When and Why to Build High Availability Into Your Azure Cloud Platform
High Availability (HA) is the design of a system or application such that if the server running that system fails or restarts, the application is back up and running as fast as possible. Often times the application needs to be back up and running faster than the server is able to restart, and HA facilitates that.
Microsoft Azure has a huge amount of HA built into the cloud platform. When it comes to the Platform as a Service (PaaS) offerings, all of the needed HA is simply built into the platform, and it is automatic. When working with Infrastructure as a Service (IaaS) offerings, though, the HA needed by services installed within the Virtual Machines (VMs) is not automatic. As such, you as the administrator of the cloud platform need to configure HA for these services.
Without having HA built into the platform, if a service goes offline due to a VM failure or a host failure, then the service will be down. If the host server that is running the VM fails, the Microsoft Azure cloud will start the VM on another host. However, that restart can take several minutes to complete. For many mission-critical services that companies are running within the Microsoft Azure cloud environment, several minutes isn’t fast enough. Often, these services need to be able to recover and restart within seconds in order to prevent degradation of the services. When the services are offline, the business functions that those services drive are unavailable. This results in lost revenue for the business. By designing HA into the environment, the services can be back up and running as fast as possible, allowing the company to minimize revenue loss .
Beyond the worry of a host failure, the services running on VMs also need to be safeguarded so that they keep running without interruption even if the VM’s operating system restarts for any reason. We accomplish that by implementing and appropriately configuring HA when it is not built in automatically. For such manual implementations, the type of application installed on the VM will determine the kind of HA you should configure. These fall into two categories, which I will discuss below: HA for stateless applications and HA for stateful applications.
For stateless applications such as web services running on either Windows or on Linux, you will need to deploy a scale-out solution. In that scenario, you run multiple VMs all with the same services on them and a load balancer between the application user and the web servers. In Microsoft Azure these load balancers can be the Azure Load Balancer, Azure Application Gateway, or Azure Front Door.

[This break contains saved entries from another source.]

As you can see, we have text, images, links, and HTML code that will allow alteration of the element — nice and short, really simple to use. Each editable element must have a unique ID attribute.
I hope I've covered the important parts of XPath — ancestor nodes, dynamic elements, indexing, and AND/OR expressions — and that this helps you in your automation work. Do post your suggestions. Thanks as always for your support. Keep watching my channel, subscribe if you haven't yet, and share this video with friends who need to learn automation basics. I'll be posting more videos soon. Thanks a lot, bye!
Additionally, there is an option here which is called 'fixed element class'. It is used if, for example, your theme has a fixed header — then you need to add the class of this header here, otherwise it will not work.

With the combined use of a load balancer and multiple servers, we can protect the service from outages by stopping user traffic from routing to the failed server while still sending user traffic to the other servers in the scale-out solution.

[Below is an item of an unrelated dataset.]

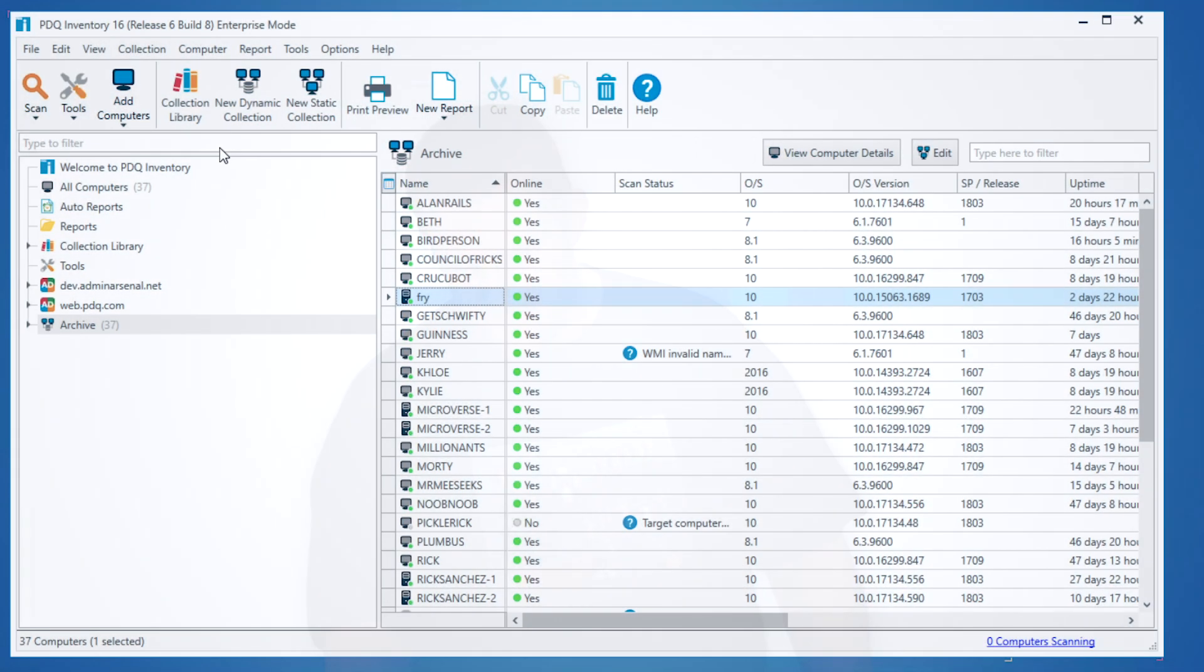The purpose of this video, however, is to show you, using PDQ Inventory, how to detect whether you have ASUS Live Update software in your environment, and if you have it, then how to show which machines have been affected. So let's dive in.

These stateless applications can be web servers, caching servers, or application servers—basically, any server that processes user data and doesn’t store the final data on the server.
Stateful applications require a different HA solution than stateless applications. While stateless servers can be scaled out, stateful servers such as database servers cannot be scaled out. This is because stateful servers must have the same data on them in the event that the server that is accepting the writes fails. In this context, you must use the HA solution that is built into the application. For example, for Microsoft SQL Server, you should use its Always On availability group. For stateful applications that don’t have a HA solution, if they’re using Microsoft Windows, you can use Windows Failover Clustering. With this feature, you can configure the application as a clustered service. This will allow it to failover, wherein the service switches to another server in the cluster within a few seconds in the event of the operating system failing or restarting.

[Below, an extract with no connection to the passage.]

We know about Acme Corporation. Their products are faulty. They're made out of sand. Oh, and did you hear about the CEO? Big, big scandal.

For stateful applications on Linux servers, there are a variety of clustering solutions, including Pacemaker, libqb, or Kronosnet to name just a few. These packages allow you to configure a Linux application within a failover cluster so that the service will automatically switch between the members of the cluster within a few seconds of a failure.
No matter the operating system or the application, the concept is the same: Install the application on each server within the cluster, then configure the clustering software for the application service. This configures the application to run on only one server at a time, while the other servers in the cluster are standing by to run the service.
While HA does increase the cost of running the services within the Microsoft Azure cloud, the benefit is that the services will remain online through VM failures, VM operating system failures, and host server failures. While there is a cost associated with highly available solutions, the benefits will typically outweigh the costs. You can think of these costs like an insurance policy for the application. In the event of a server-level failure, the application will remain online, allowing the company to continue servicing its customers and continue making money.
HA acts as an insurance policy for applications, guaranteeing their availability through VM failures, operating system failures, and host server failures.
When configuring HA, choose carefully when placing those resources. Microsoft Azure has two different availability options depending on the Microsoft Azure region you are in. This is because some regions support availability zones, which allow you to specify that resources should be placed in different buildings within the specific Microsoft Azure region.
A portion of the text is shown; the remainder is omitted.